About 5 p.m., the priest returned to the church. He found no bodies, but blood was on the bathroom and bedroom floor, along with part of a brain. A few days later, the military had mopped up the blood, repaired the roof and patched the bullet-pocked plaster in an apparent attempt to cover up the massacre, said the priest, who showed a reporter a scarred memento: a white robe bearing singed holes from bullets that penetrated his closet.
Authorities initially said five people were killed. Liquica police later told the priest that 113 had been killed. The U.N. indictment stated that more than 50 civilians had been murdered. So far, only one person has been tried and convicted in connection with the massacre. Pereira's murder case is still open; no one has been indicted, according to U.N. records.
Three times in the last six years, Anita dos Santos, who is Pereira's widow, and her neighbors have searched for their relatives' bodies. Using shovels and buckets, they have dug in Liquica, in a neighboring town and in a village by the sea. "People would come to say, 'This is the site. Dig here,' " she said. "So we tried. Many times, we tried. We found nothing." She nodded toward a family graveyard 120 yards away, nestled amid coconut and tamarind trees. She dreams, she said, of being able to bury her husband's remains there, in a row of stone tombs.
Lower-level militia members who burned and looted homes now live in Liquica, said Eliza da Silva dos Santos, the widow of a resistance member who was "disappeared" with Pereira. "Sometimes I see them on the street, driving a car, working in a government office," she said bitterly. "When I see them, it pains me." She must repress an urge, she said, to attack them.
The survivors' frustration is deepened by a sense of betrayal by their own government and the United Nations. For years, Eliza dos Santos and Anita dos Santos helped the underground resistance, passing supplies to rebels. They, like their husbands, revered Gusmao, the prisoner turned president. Now, they charge, he and Ramos-Horta, the foreign minister, have forgotten "the little people." The women also criticize the United Nations for closing its special prosecution unit in May, leaving pending more than 600 cases linked to the 1999 crimes.
Over 4 1/2 years, the U.N.-funded unit convicted only 84 people, all low- to mid-level Timorese militia members. The higher-ranking personnel, including Indonesian military and police officers, are beyond reach in Indonesia, which has no extradition treaty with East Timor. Topping the impunity list is Gen. Wiranto, the retired Indonesian military commander, indicted by a Dili prosecutor. For political reasons, the warrant was never forwarded to Interpol, the international police agency. Two months ago, Ramos-Horta said, he warned Wiranto that the truth commission was "their last chance to clean Indonesia's image." Wiranto, he said, promised cooperation.

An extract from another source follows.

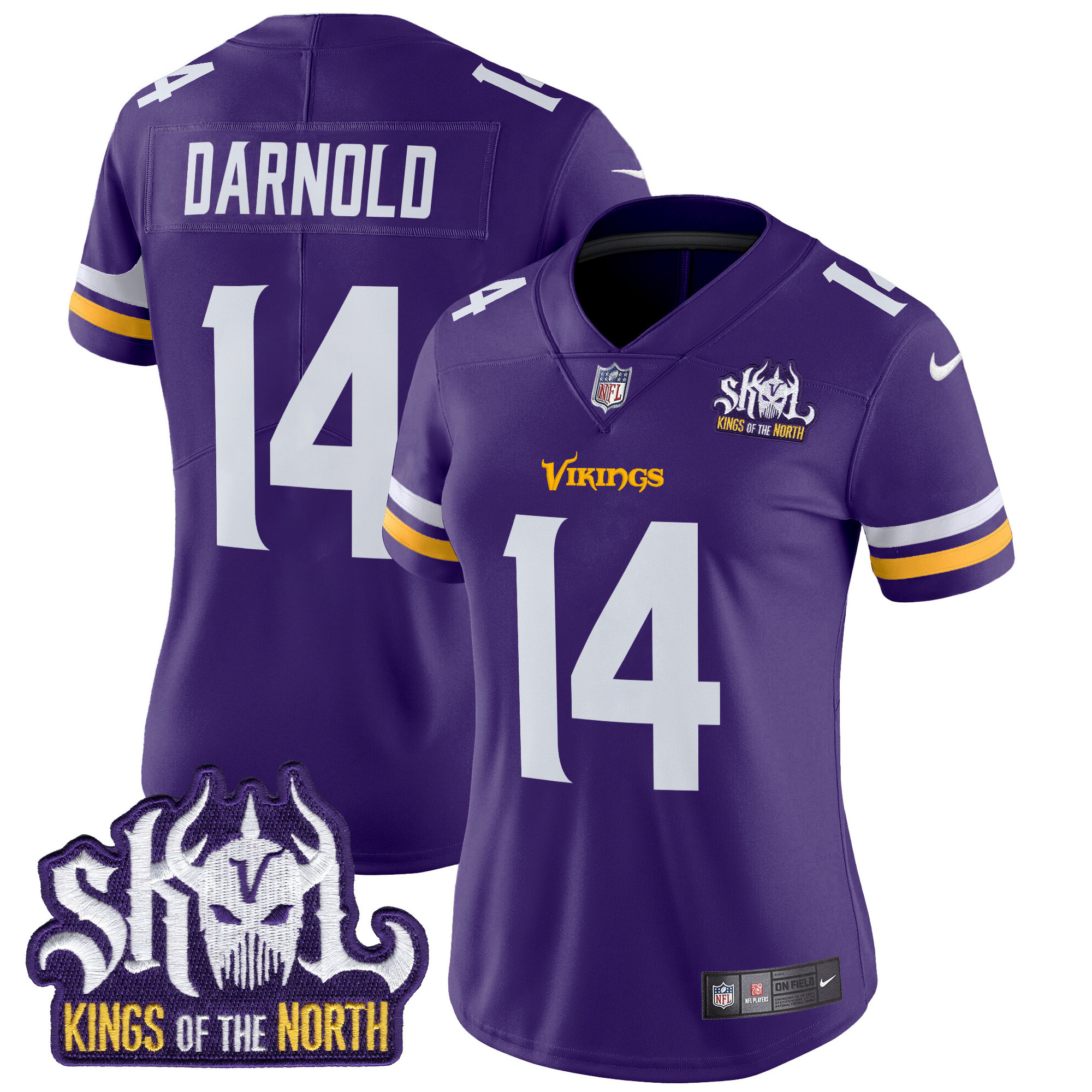 Sam Darnold Women's Minnesota Vikings Kings Of The North Patch Vapor Limited Purple Jersey - All Stitched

The survivors of the struggle for independence also criticize the impunity of those among the Indonesian security forces who committed abuses. An estimated 150,000 to 175,000 Timorese -- up to one-fourth of the population -- were killed during Indonesia's occupation of East Timor. Aniceto Guterres, a truth commission member and human rights lawyer who was an early proponent of an international tribunal, has deep misgivings about the panel's lack of a prosecution option. But "if I had to choose between truth and justice," he said, "I would opt for truth."